HSN also has spearheaded efforts to allow viewers to order using their remote controls.
HSN’s Shop by Remote has already launched trials with a few cable companies, including Time Warner Cable’s Oceanic division in Hawaii and Cablevision Systems, as well as EchoStar’s Dish Network. HSN is distributed to a total of 90 million homes, and 15 million of those have access to the interactive application.
Most HSN customers prefer ordering through the TV, if they have the option, according to John McDevitt, HSN vice president of advanced services. “It’s about 30 seconds to order on the TV versus 2 minutes to do a phone call,” he said in an earlier interview with Multichannel News’ Telco TV newsletter.
EXPANDING TELCO OFFERINGS
HSN also is contemplating expanding the service to telephone company video offerings.
The shopping channel is already on the lineups of Verizon Communications’ FiOS TV service and AT&T’s U-verse TV.
“The first thing is, you want to be sure you do the basics right,” HSN’s executive vice president of affiliate relations Peter Ruben said in an earlier interview with Telco TV. “With both telcos and cable, the technology needs to be in place to develop good interactive applications.”

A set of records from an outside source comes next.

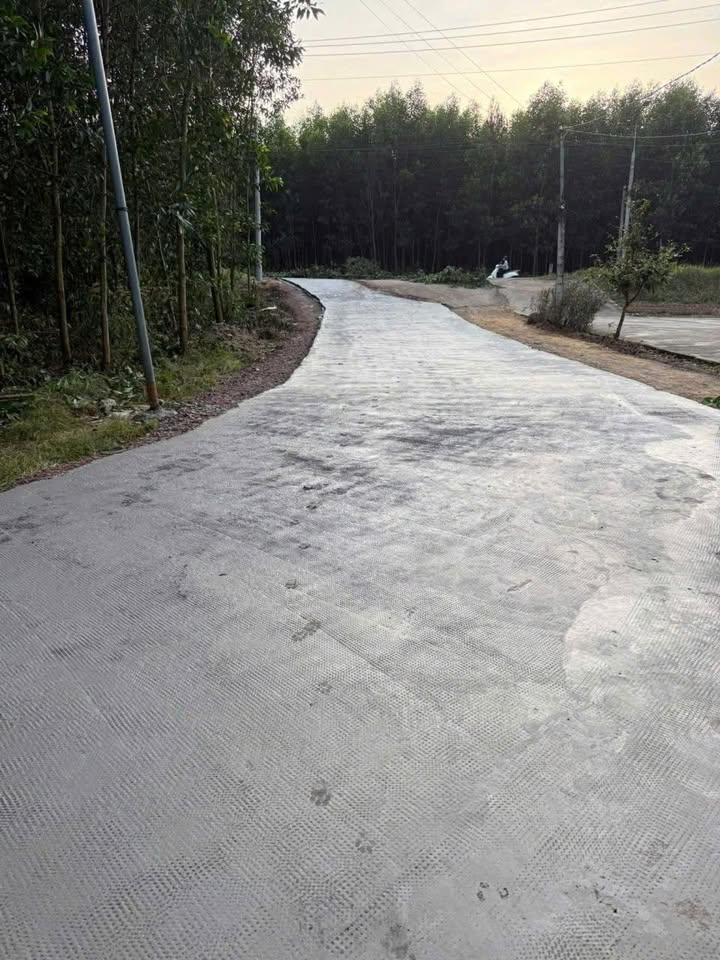 Đất thổ cư Xuân Bắc 100m² giá 650 triệu - Cơ hội đầu tư hấp dẫn!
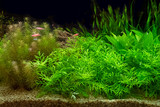 Green beautiful planted tropical freshwater aquarium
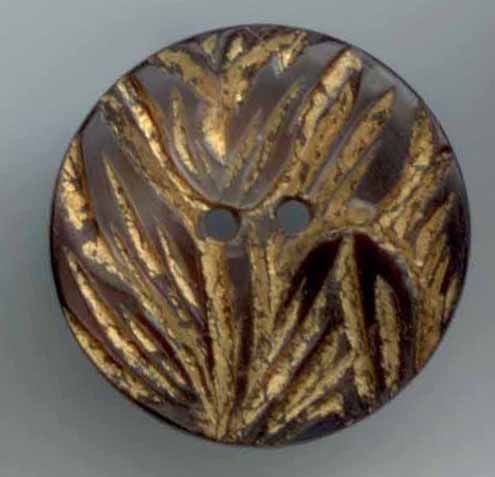 Gilded Shell Tulip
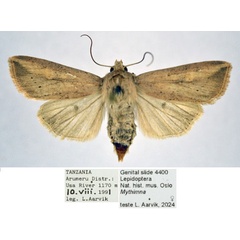 /filer/webapps/moths/media/images/E/evoei_Mythimna_AF_NHMO_yX9rDZn.jpg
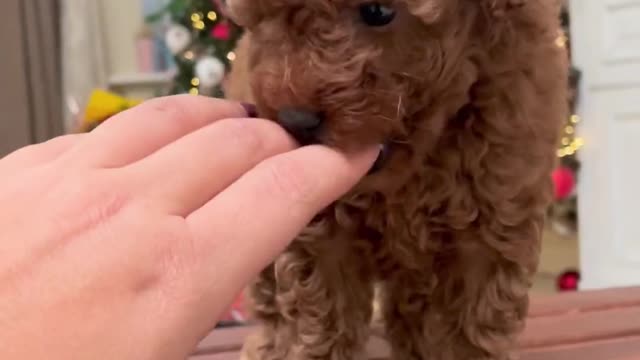 Puppy biting fingers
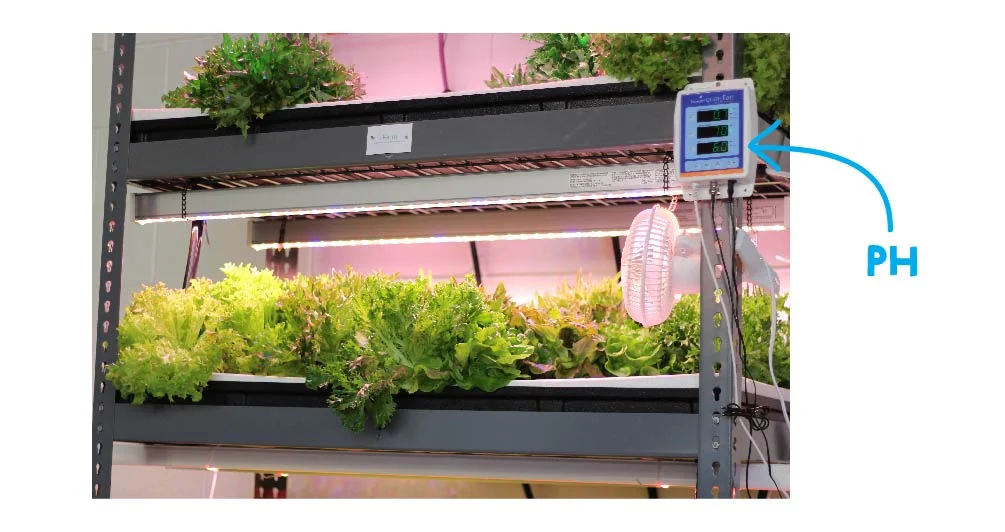 BPC_Grow_DWC-05.jpg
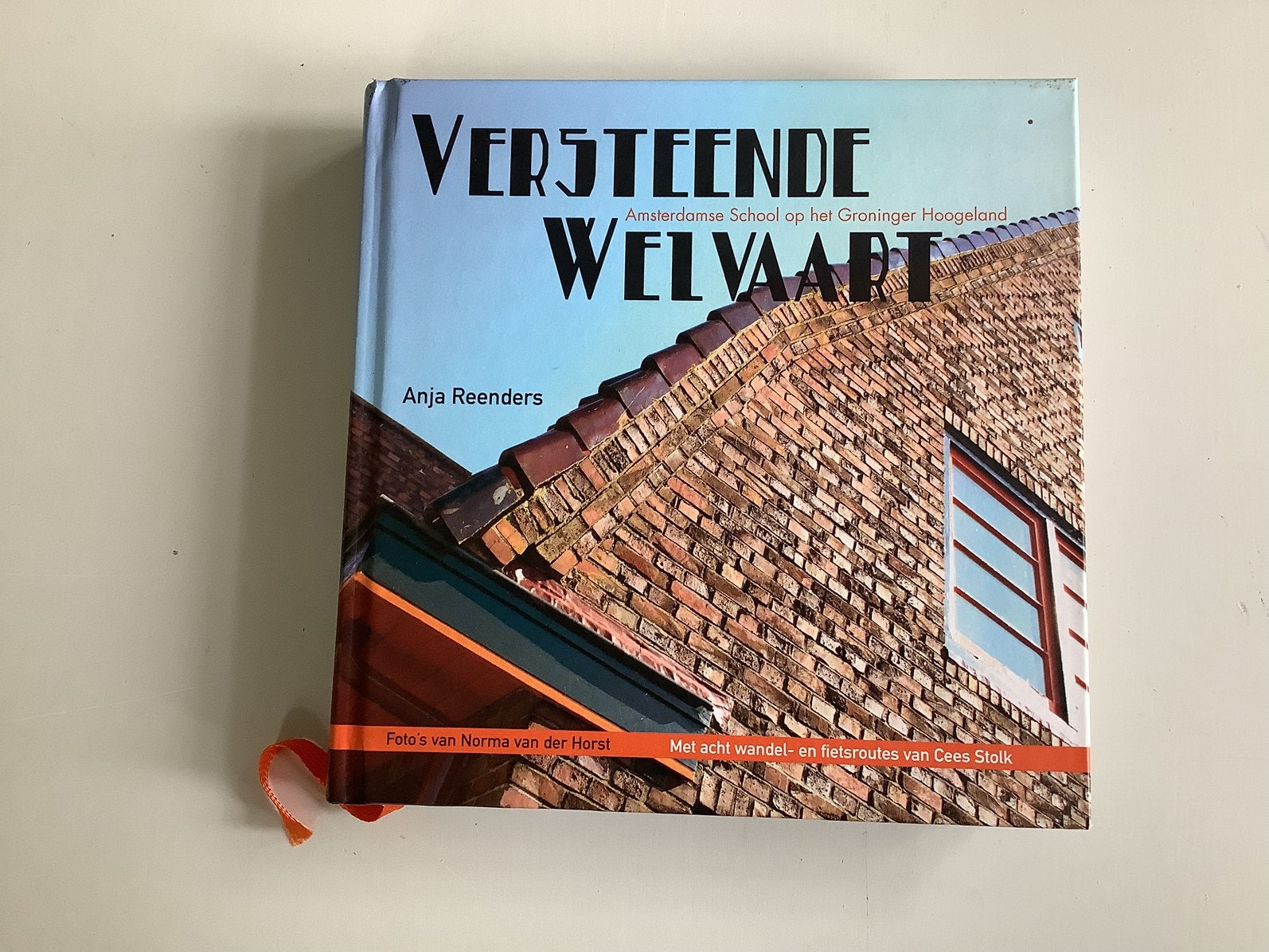 A. Reenders - Versteende Welvaart, Ophalen of Verzenden, Zo goed als nieuw, A. Reenders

While the jury is still out on how successful Grossman and her team will actually be, she already has the firm support of her boss, IAC/InterActiveCorp chairman Barry Diller.
“The early teething problems that come with having a new group of people are working their way through the system,” IAC chairman Diller said on the company’s second quarter conference call in July. “It’s not going to be overnight, but we are very confident that as time goes on, that HSN is going to be very competitive.”